Redacción Canal Abierto | A principios de 2017, la Administración Nacional de Aviación Civil (ANAC) aprobó 135 rutas locales e internacionales a cinco aerolíneas de bajo costo: Andes Líneas Aéreas, American Jet, Alas del Sur, FB Líneas Aéreas (FlyBondi), y Avian Líneas Aéreas, esta última vinculada –a través de una denuncia– al grupo empresario de la familia Macri.

Por entonces, en paralelo al anuncio con bombos y platillos del oficialismo, se encendían las alertas entre gremios y especialistas del sector aeronáutico quienes, entre otras cosas, advertían sobre posibles pérdidas de puestos de trabajo (en una actividad que involucra a unos 25 mil trabajadores), el relajamiento en los controles en la seguridad aérea y una potencial estrategia privatizadora de la estatal Aerolíneas Argentinas.

A los cuestionamientos, ignorados por el Gobierno, se sumaron luego presentaciones judiciales que buscaban impedir la operatoria de Flybondi en el aeropuerto de El Palomar. De hecho, a partir de la denuncias de los vecinos, en julio el fiscal Di Lello había pedido suspender las actividades en la improvisada base, y  planteado el potencial riesgo por el polvorín militar que está en las inmediaciones. Por aquel entonces el funcionario judicial también solicitó la suspensión de la actividad de la controvertida low cost ante los numerosos inconvenientes y accidentes que ya había sufrido, entre ellos un choque de la cola de una nave con la pista durante un intento de despegue.

Pese a los constantes accidentes, cancelaciones y quejas por parte de usuarios, Flybondi -empresa ligada a socios del ex vicejefe de Gabinete, Mario Quintana- siguió operando, e incluso incorporó nuevas rutas.

Ahora, la polémica low cost lanzó una campaña publicitaria bajo la consigna #VuelenUltraLowCost, donde de paso aprovechó para “vender” el ajuste presupuestario impulsado por el Gobierno en línea con FMI. “Dar el ejemplo es el camino. Si todos nos ajustamos, podemos contribuir al ahorro del país”, reza un flyer en redes sociales.
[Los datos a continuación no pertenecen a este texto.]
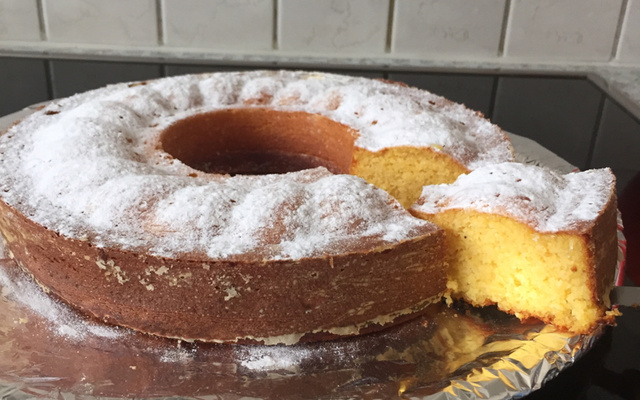 Bolo de milho de liquidificador cremoso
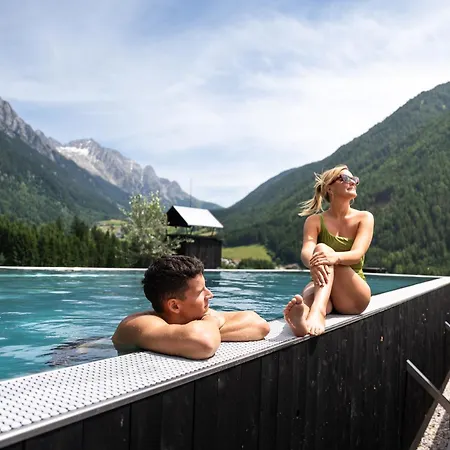 Amus Suites Dolomites-2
En otro, además de etiquetar a cuentas de legislados, asegura: “Bajar el gasto público es clave en una época en la que todo el mundo se ajusta”. 

Carteles publicitarios de Flybondi militando el ajuste.

“Dudamos que estas compañías aéreas tengan la posibilidad de garantizar la conectividad en todo el país, porque son empresas que vienen a volar solamente a lugares que son rentables y no al resto”, sostiene Marcelo Belleli, delegado general de ATE-ANAC en Aeroparque en una entrevista con Canal Abierto. “El único garante de esa conectividad es Aerolíneas Argentinas y creo, basado en la concepción neoliberal del presidente Macri, que ellos entienden que no debería ser estatal”, aporta el delegado.

La avanzada privatizadora sobre la aerolínea de bandera estatal tuvo su pico la semana pasada, cuando el propio presidente salió a fustigar una medida gremial que complicó el tránsito aérea durante 24 horas. «Desde que Aerolíneas se estatizó, el Estado tiene que poner plata todos los meses para que funcione. Todas las líneas aéreas que funcionan acá y la mayoría del mundo no requieren que los ciudadanos de ese país, en este caso los argentinos, pongamos plata todos los meses», lanzó Macri, quien por medio su ministro de Transporte, Guillermo Dietrich, suspendió a 376 trabajadores hasta 15 días por asambleas realizadas el 8 de noviembre.

Horas más tarde, el mandatario intentó deslindar responsabilidades a su gestión por los estragos causados durante el temporal del 11 de noviembre: «Da mucha impotencia saber que con una pequeña parte de lo malgastado en Aerolíneas se podrían haber hecho hace tiempo las obras necesarias para prevenir esto».

A la semana siguiente del conflicto y la polémica estigmatización oficial y mediática de la huelga, Flybondi jugó nuevamente para el macrismo. Ante la consulta de un usuario sobre cómo afectaría el servicio las asambleas de trabajadores o un eventual paro, el encargado de redes de la empresa se burló: “Parar? Me arruga la ropa!”.


La mofa en redes sociales no sólo parece desubicada en un contexto de tensión e incertidumbre entre los trabajadores del sector, también habla del cinismo con que opera la aerolínea de bandera amarilla: en agosto la Asociación Argentina de Aeronavegantes denunció a la low cost ante el Ministerio de Trabajo por prácticas antisindicalistas. Desde la gerencia extorsionan a los trabajadores con el cierre de la empresa si se unen a un sindicato, mientras –por abajo- planean la creación de uno exclusivo.